A FAILURE to tell staff about the benefits on offer is costing UK firms £2.7bn a year through increased staff turnover and sickness absence, Cass Business Schoolresearch reveals.
The research – Money Talks: Communicating Employee Benefits, which was commissioned by Unum – found that 64% of businesses have invested in good employee benefits but have not told staff what they are entitled to, Financial Director’s sister title Workplace Savings and Benefits reports.
It said this meant they were often no better off than companies that do not provide benefits at all.
The research found employees who are unaware of the benefits on offer are less loyal and productive, and as a result are more likely to call in sick or leave the company altogether.

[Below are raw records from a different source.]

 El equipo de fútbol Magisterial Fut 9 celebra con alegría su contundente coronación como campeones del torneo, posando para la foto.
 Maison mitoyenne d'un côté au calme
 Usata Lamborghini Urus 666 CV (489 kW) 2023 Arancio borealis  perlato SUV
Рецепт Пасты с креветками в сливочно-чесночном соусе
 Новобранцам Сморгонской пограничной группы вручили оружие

Cass Business School professor Nick Bacon, who conducted the research, explained: “With the cost of living rising more quickly than many peoples’ income, and employers struggling for growth, staff retention is a vital issue. When organisations can’t easily increase salaries, they need to identify other ways to build staff loyalty – and a good benefits package does this.

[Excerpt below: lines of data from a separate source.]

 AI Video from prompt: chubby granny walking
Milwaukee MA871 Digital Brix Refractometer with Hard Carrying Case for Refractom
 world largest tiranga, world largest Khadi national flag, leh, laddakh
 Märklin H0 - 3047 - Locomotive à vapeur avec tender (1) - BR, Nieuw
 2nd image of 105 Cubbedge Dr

“However, our research shows that even if companies are offering good benefits, if they fail to tell staff what’s available, it’s no better than not offering these benefits at all.”
Unum UK chief executive Peter O’Donnell added: “Simply offering a great employee benefits package isn’t enough to promote wellbeing and financial security amongst employees.

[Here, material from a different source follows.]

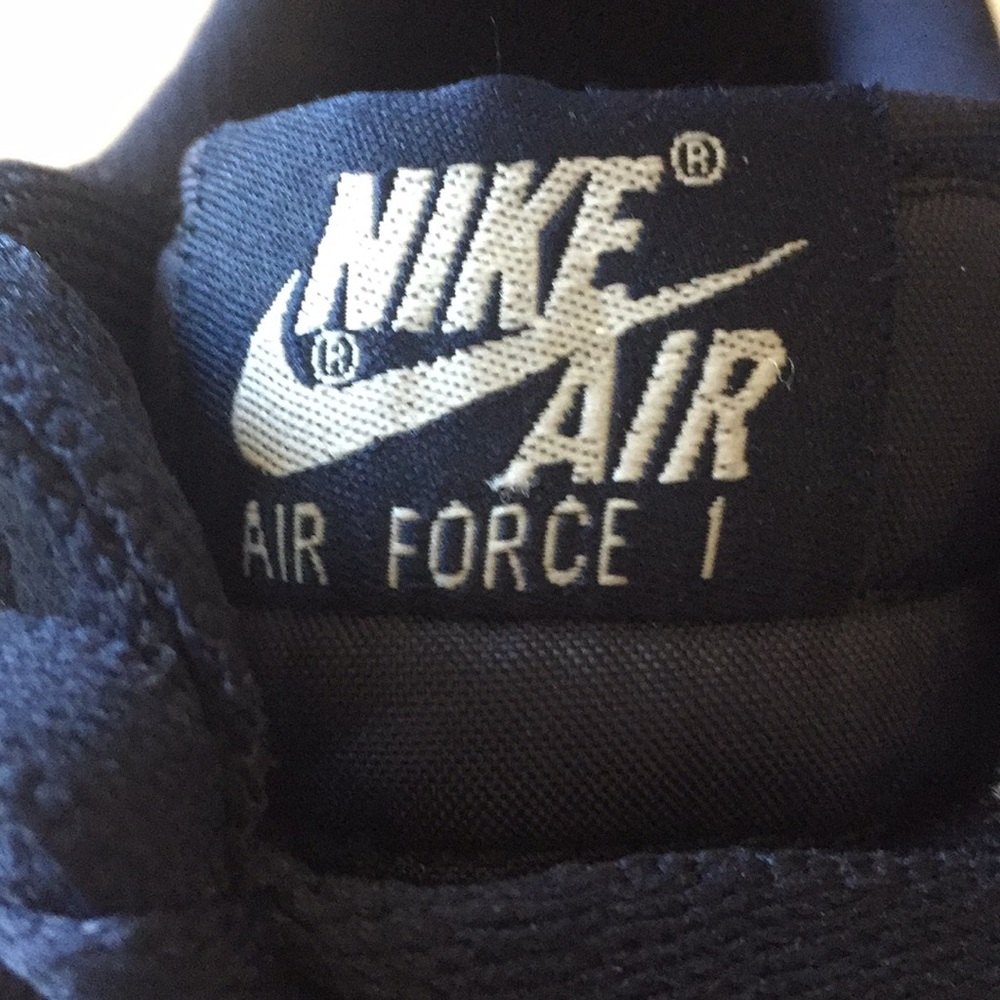 Nike Air Force One - Picture 7 of 15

“Our experience shows that contrary to employers’ beliefs, communicating with staff about financial protection and well-being initiatives such as income protection and private medical insurance, leads to lower absence rates and reduced time off sick. Having an open dialogue between employers and employees about benefits builds a more productive and loyal workforce, and the bottom line benefits are evident.”
Cass Business School’s research found a typical organisation with 1,000 employees that offers good benefits but fails to communicate them – so-called “silent types” – spends £470,000 a year more on staff turnover and sickness absence than those companies that have comparable benefits packages, but have good communications practices, the so-called communications champions.
The research used data from the UK Government’s 2011 Workplace Employment Relations Survey (WERS) – and includes data collected from both employers and employees from 2,680 workplaces.
It demonstrates a gap in understanding between what employee benefits an employer provides, and what their employee thinks is available.
This communications chasm exists for managers, as well as non-managers. Strikingly, people that need employee benefits the most, such as working mums, remain equally unaware of what they are entitled to.
However, among communications champions who communicate regularly about benefits, sickness absence rates and the level of staff turnover is lower.
Employees are more likely to remain with a company where they know they will receive financial protection, and this has become ever more important since the recession began.